The 1,400-acre (560-hectare) Chattanooga site "is a key part of our growth strategy in North America" Diess said. VW currently employs about 3,500 people at the Tennessee plant and believes it can expand more rapidly than building a new facility elsewhere, although Diess admitted there were "pros and cons" to the decision.
"It's not easy to attract further labor there — the labor market is a constraint," Diess said. "Still, we have invested a lot, we have a lot of governmental support there, a strong team there.

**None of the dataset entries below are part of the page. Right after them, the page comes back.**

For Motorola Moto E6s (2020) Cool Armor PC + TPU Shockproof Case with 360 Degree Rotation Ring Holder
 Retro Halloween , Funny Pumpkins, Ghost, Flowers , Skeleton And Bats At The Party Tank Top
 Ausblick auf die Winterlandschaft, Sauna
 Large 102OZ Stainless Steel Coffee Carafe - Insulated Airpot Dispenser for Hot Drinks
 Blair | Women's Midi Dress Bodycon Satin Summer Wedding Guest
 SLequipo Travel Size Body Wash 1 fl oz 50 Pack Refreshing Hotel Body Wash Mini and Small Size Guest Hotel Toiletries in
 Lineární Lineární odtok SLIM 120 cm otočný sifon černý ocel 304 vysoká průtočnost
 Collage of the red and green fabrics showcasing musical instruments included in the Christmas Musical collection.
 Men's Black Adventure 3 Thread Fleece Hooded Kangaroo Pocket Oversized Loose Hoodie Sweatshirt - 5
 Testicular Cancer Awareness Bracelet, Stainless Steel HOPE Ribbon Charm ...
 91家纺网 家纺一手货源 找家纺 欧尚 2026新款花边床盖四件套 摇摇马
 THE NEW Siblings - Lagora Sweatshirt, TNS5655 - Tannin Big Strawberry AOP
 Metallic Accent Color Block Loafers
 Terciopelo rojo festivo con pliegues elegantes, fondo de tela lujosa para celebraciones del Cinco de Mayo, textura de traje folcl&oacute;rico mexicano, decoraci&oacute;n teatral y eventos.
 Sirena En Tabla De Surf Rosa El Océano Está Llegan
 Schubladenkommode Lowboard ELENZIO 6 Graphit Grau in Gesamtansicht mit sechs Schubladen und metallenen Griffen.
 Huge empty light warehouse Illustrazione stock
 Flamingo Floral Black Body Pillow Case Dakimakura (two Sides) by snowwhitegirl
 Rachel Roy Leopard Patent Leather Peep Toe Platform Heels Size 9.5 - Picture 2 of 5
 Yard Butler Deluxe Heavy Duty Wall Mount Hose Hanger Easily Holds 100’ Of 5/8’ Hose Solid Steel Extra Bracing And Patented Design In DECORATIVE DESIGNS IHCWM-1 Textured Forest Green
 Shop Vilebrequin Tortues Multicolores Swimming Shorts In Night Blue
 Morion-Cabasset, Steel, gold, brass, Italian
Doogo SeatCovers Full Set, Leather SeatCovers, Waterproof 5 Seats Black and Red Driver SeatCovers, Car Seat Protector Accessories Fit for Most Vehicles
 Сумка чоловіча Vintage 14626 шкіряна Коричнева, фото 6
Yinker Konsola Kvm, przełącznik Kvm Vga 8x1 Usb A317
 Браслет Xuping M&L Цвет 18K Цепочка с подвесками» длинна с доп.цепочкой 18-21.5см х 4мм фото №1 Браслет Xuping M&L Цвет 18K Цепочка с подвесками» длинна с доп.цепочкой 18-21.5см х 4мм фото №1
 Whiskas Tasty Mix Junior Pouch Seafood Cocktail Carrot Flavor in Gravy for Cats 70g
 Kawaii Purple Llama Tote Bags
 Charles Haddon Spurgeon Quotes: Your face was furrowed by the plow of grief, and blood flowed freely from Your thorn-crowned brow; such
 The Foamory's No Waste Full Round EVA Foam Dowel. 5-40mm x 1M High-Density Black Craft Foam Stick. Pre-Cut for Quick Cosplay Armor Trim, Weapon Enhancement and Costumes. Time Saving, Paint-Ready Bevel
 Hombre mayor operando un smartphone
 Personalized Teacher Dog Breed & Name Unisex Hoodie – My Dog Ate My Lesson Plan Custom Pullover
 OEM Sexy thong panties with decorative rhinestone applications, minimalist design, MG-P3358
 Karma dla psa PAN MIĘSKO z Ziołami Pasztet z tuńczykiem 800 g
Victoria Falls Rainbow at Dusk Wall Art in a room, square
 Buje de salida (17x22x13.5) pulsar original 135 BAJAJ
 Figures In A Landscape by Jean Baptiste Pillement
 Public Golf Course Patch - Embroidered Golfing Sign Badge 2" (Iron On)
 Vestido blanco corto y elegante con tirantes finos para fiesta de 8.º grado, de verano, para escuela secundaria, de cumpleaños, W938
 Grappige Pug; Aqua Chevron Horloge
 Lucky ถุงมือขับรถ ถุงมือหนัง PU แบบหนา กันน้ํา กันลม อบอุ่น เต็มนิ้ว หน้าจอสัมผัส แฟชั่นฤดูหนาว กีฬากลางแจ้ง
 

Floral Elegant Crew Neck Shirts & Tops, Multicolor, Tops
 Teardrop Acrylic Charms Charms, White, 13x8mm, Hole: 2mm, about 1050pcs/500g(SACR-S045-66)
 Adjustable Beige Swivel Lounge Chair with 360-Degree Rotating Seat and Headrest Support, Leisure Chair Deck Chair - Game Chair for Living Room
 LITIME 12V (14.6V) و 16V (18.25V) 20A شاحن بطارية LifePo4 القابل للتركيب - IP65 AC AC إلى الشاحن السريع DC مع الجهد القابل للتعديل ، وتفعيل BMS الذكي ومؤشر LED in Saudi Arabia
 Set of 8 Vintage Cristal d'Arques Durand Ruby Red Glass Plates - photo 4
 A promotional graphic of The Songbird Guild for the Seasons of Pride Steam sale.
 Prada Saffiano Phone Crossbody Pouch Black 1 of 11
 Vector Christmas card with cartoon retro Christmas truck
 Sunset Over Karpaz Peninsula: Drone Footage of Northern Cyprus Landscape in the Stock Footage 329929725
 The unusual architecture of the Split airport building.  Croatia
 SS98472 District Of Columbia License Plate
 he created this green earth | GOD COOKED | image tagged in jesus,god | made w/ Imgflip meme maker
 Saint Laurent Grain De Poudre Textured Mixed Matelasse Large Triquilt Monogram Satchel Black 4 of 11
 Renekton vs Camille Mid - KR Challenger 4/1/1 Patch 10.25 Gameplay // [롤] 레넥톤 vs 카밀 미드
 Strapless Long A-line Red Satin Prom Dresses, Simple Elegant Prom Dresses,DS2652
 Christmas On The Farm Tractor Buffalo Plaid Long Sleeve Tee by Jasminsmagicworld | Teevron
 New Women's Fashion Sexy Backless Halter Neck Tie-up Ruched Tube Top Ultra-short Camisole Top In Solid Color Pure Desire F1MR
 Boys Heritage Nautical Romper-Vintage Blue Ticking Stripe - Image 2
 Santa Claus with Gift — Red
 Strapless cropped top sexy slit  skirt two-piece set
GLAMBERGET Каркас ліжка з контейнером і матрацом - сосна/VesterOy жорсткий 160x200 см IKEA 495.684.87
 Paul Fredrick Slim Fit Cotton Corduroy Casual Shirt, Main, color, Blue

It makes more sense to increase capacity in Chattanooga." The $800-million (€697-million) project is expected to generate an extra 1,000 jobs.
German car companies have been under pressure from the Trump administration to increase their investments in the US.
Partnership with Ford
Diess also confirmed discussions with Ford over a partnership which have been taking place in recent months, with a conference call involving Ford CEO Jim Hackett and other executives planned for Tuesday.
VW and Ford have been discussing sharing the costs of developing electric and autonomous vehicles and sharing some factory space.
Diess said the partnership would include cooperation on small commercial vehicles, vans and midsize pickup trucks — a market where VW is not a major player. "We decided to join forces there and we will become very competitive together in this segment," Diess said Monday without giving further details.
Modular electric toolkit chassis (MEB)
VW will use a modular electric toolkit chassis (MEB) at its site in Chattanooga. This was designed as the basic building block for its electric vehicles (EVs) to consolidate all the electronic controls and reduce the number of microprocessors in each vehicle.
Volkswagen is building the first dedicated EV production facility in Zwickau, Germany with MEB production due to start by the end of this year. It also plans to add EV production to faciities in Anting and Foshan in China next year and in Emden and Hanover, Germany by 2022.
Tennessee state officials welcomed the decision. Department of Economic and Community Development Commissioner Bob Rolfe said on Monday: "Today's announcement is a tremendous win for Tennessee as it shows that our state continues to be a prime location for foreign direct investment."Diess said that the Volkswagen Group of America's CEO Scott Keogh is to lead the Volkswagen electric vehicle management team.